No matter how you go with this approach, it's tricky to set up — you probably have to machine and/or kludge together a mount unless you buy a Just Together adapter — and trickier to use, since you'll be relying on the rail camera's film plane controls to move your camera body around the image plane rather than a pre-set stop system like the Rhinocam.

The movements are inherently slower than any of the other options and so it's no good for outside/landscape work.

But you can get much, much larger images than you can with the Rhinocam.

And you use all kinds of old lenses that you couldn't adapt to the Rhinocam. A view camera body is basically a set of boards, knobs, and a dark tube… you can mount almost any lens to it with a little elbow grease.

[T]he solution I devised was to use a digital camera (namely a 16MP APS-C Sony NEX-6 camera) mounted on the back of a Sinar 4×5 monorail

You have to get the right kind of camera for this: it's got to have a lot of film plane controls, and precise (and fast) is better. The ones I've seen mentioned are:

  • Cambo 5x7 (see example below)
  • Sinar 4x5 mono-rail… people recommend the P1, P2 or P3 for the controls
  • Toyo VX23D, which is specialized for this

I'm not 100% sure if it's workable with a Fuji X body… people seem to be using Sony NEX cameras for this.

But the price is reasonable and the results…!

macro panorama
example of a stitched 20-image pano using a 5x7 Cambo camera with a Sony NEX

The Just Together adapter is for adapting camera bodies to the rear standard of view cameras. And they've got one for the Nikon D750 and Leica M! The price is high and the web site hasn't been updated in years…

4: The Fotodiox 4x5 adapter

Nowhere as flexible as using the view camera's own controls, the Fotodiox4x5 adapter is a lot like the Rhinocam Vizelex: It's got a plane, a slider, and dots to line things up. Naturally this means a limit to a low number of frames / smaller portion of the image circle. This makes the whole setup less appealing.

However, you can sort of cheat around this by using the shift controls to get a wider area, see this video:

5: Focal reducers

There's just one brand for medium format lenses: Kipon Baveyes. And it requires a mirrorless FF body like a Nikon Z, or a Leica M. The adapters are $700-800 new.
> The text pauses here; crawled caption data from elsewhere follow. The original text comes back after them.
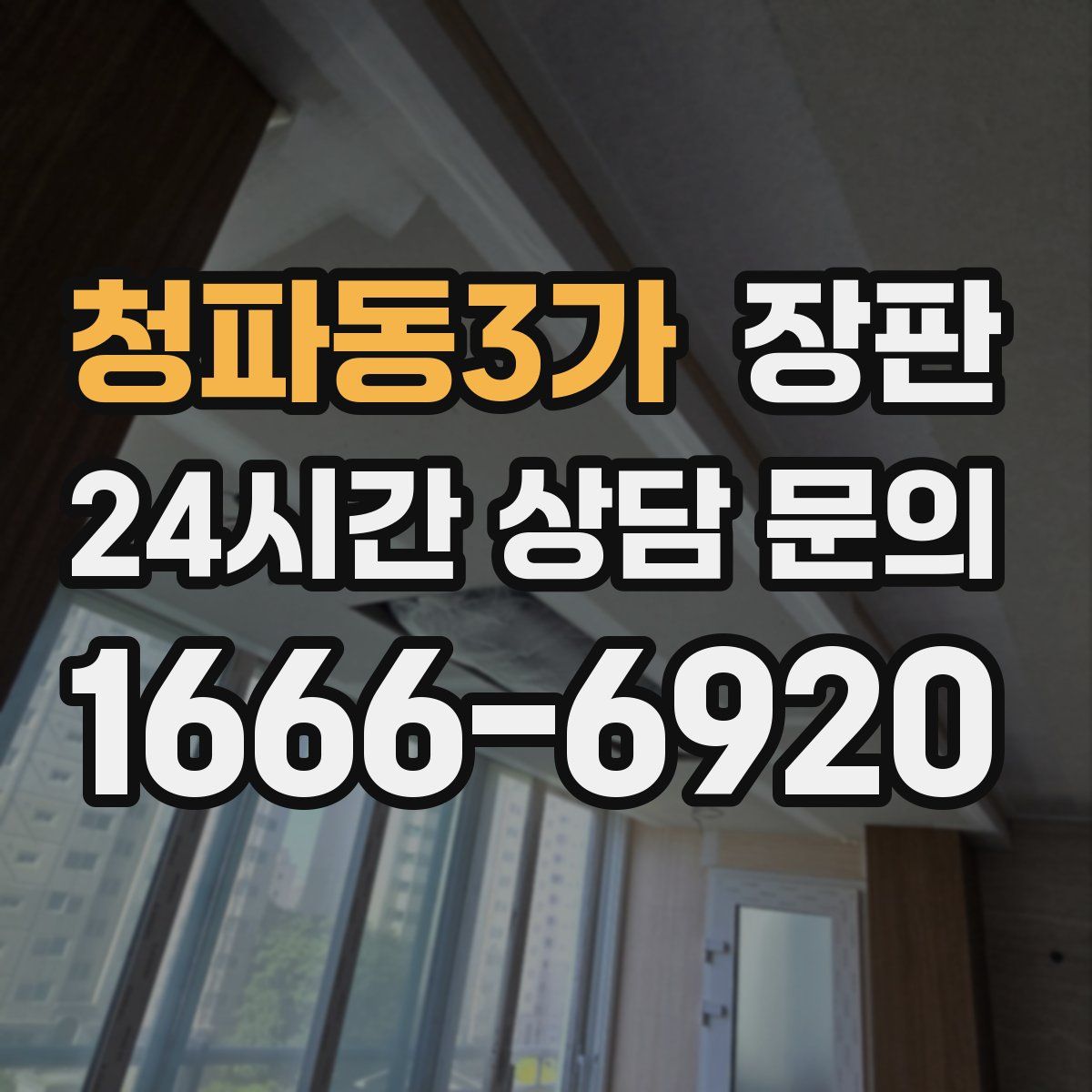 청파동3가 장판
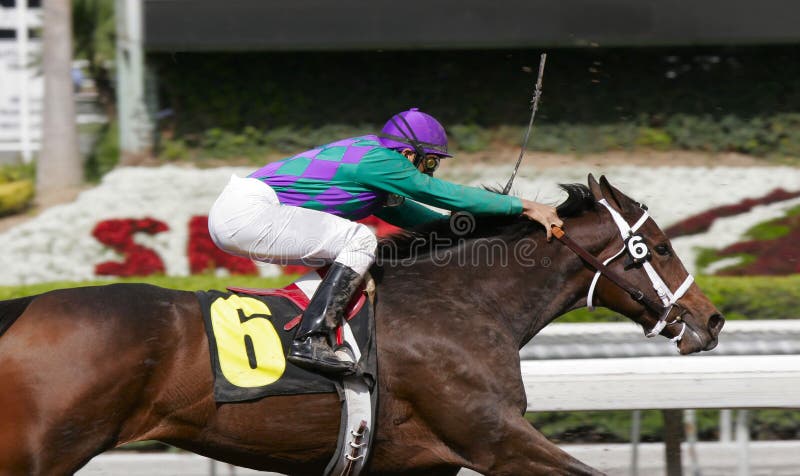 Closeup of a jockey guiding his mount towards the finish line. Closeup of a jockey guiding his mount towards the finish line.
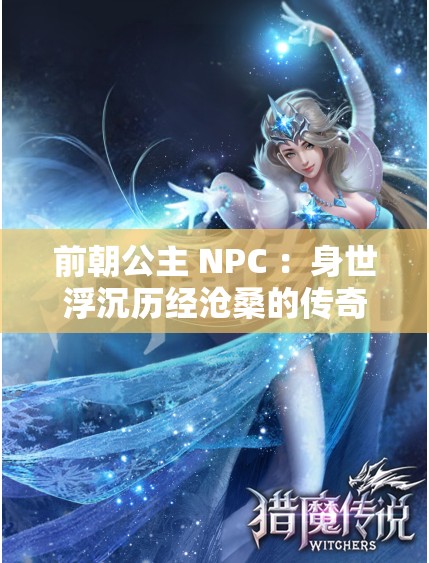 前朝公主 NPC ：身世浮沉历经沧桑的传奇女子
Matthias Burling did a review.

Bonuses: You can tote it around and just use it. You don't require a tripod. But of course it's heavy af.

5: Honorable mentions

Shoot the film plane
Kludge together a faux view camera and shoot the film plane — aka a piece of white cardboard. This might work tolerably well if you use a bit of, say, projector screen instead. You get the full view camera "view" but of course none of the increased quality.